Medical Assistance program covers lifesaving asthma procedure

LOCK HAVEN – The Pennsylvania Department of Human Services recently added a lifesaving asthma procedure to its covered procedures under the Medical Assistance program, according to State Rep. Mike Hanna, D-Clinton/Centre.

Hanna contacted the agency in September to request MA coverage for the AlairBronchial Thermoplasty System for asthma sufferers. The Alair System is the first non-drug treatment approved by the Food and Drug Administration in 2010 for adult patients with severe uncontrolled asthma. The therapy delivers controlled thermal energy to the airway wall to reduce the amount of excess smooth muscle tissue in the airways.
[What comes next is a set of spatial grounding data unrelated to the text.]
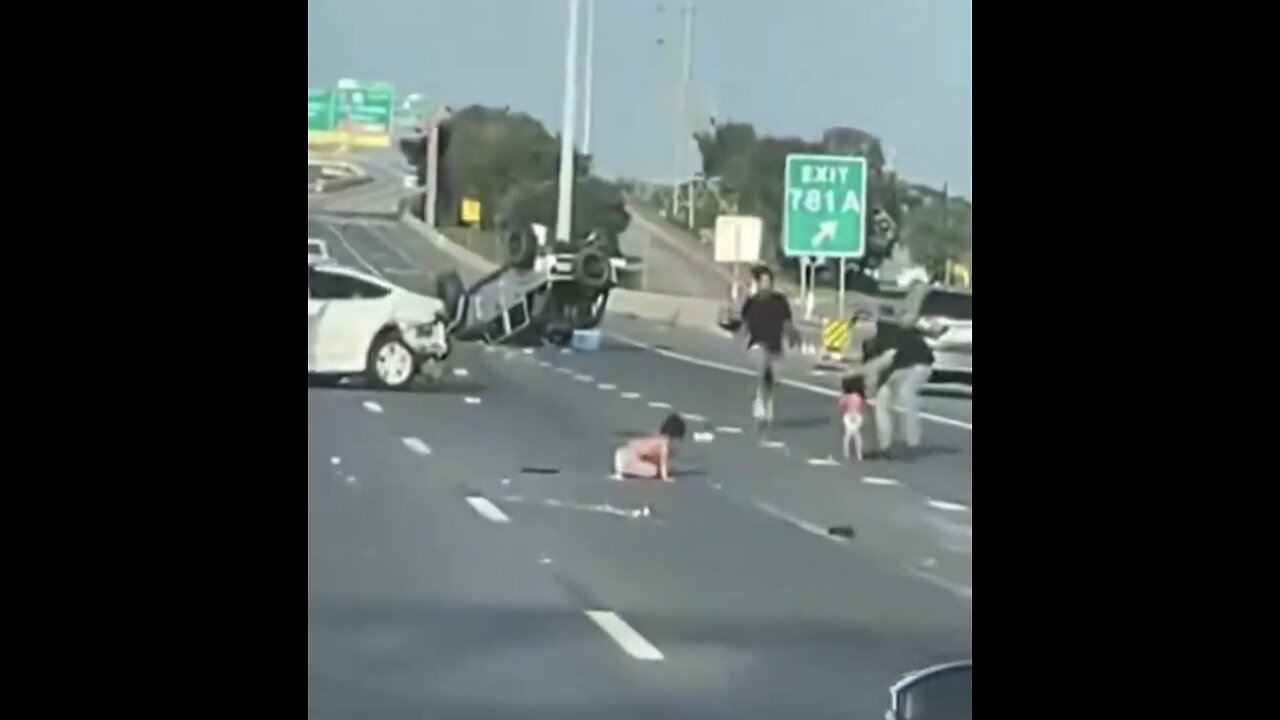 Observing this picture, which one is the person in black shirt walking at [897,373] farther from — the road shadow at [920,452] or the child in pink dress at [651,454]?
the child in pink dress at [651,454]

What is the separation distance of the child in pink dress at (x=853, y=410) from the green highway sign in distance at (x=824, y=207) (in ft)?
0.73

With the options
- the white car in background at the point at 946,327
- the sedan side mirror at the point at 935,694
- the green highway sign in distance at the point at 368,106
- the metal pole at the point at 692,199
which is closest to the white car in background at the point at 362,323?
the green highway sign in distance at the point at 368,106

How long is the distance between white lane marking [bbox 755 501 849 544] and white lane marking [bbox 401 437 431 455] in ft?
1.88

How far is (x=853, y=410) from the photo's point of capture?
3.21 m

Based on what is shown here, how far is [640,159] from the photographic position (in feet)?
10.4

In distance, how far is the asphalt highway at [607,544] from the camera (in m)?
3.00

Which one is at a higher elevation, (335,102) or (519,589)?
(335,102)

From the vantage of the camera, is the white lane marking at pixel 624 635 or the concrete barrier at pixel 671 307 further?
the concrete barrier at pixel 671 307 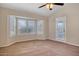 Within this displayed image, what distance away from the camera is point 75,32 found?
2.06 meters

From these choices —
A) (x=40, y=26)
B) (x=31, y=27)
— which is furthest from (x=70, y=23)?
(x=31, y=27)

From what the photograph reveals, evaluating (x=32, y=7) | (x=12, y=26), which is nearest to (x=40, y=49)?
(x=12, y=26)

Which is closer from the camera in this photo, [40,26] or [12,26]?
[12,26]

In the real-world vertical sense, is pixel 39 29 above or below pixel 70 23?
below

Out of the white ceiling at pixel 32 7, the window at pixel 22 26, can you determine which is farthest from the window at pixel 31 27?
the white ceiling at pixel 32 7

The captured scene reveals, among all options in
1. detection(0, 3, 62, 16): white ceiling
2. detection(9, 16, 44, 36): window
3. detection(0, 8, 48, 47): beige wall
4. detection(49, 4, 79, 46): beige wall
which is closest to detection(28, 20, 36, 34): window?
detection(9, 16, 44, 36): window

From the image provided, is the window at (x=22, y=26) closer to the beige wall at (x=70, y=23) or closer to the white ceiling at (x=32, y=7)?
the white ceiling at (x=32, y=7)

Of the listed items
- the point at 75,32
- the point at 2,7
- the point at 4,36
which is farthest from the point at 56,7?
the point at 4,36

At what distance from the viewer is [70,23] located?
83.7 inches

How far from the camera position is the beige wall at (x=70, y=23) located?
1983mm

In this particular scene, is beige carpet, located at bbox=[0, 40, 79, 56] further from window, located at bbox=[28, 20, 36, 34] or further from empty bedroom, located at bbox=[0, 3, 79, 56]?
window, located at bbox=[28, 20, 36, 34]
With less smooth muscle, the airways constrict less, reducing severe asthma attacks and making breathing easier.

“This decision is great news for those suffering from severe asthma,” Hanna said. “Our health is one of the most important things we have in this life. It is my hope that this decision by DHS encourages private insurance providers to re-evaluate this proven treatment and add it to their coverage.”

House lawmakers earlier this year adopted a resolution sponsored by Hanna designating May 8 as “Bronchial Thermoplasty Awareness Day” in Pennsylvania and encouraging insurance coverage of the procedure.

Asthma is a chronic disorder of the airways that is complex and characterized by variable and recurring symptoms, airflow obstruction, bronchial hyper-responsiveness and an underlying inflammation. Approximately 24 million Americans suffer from asthma and nearly 3,400 people die every year.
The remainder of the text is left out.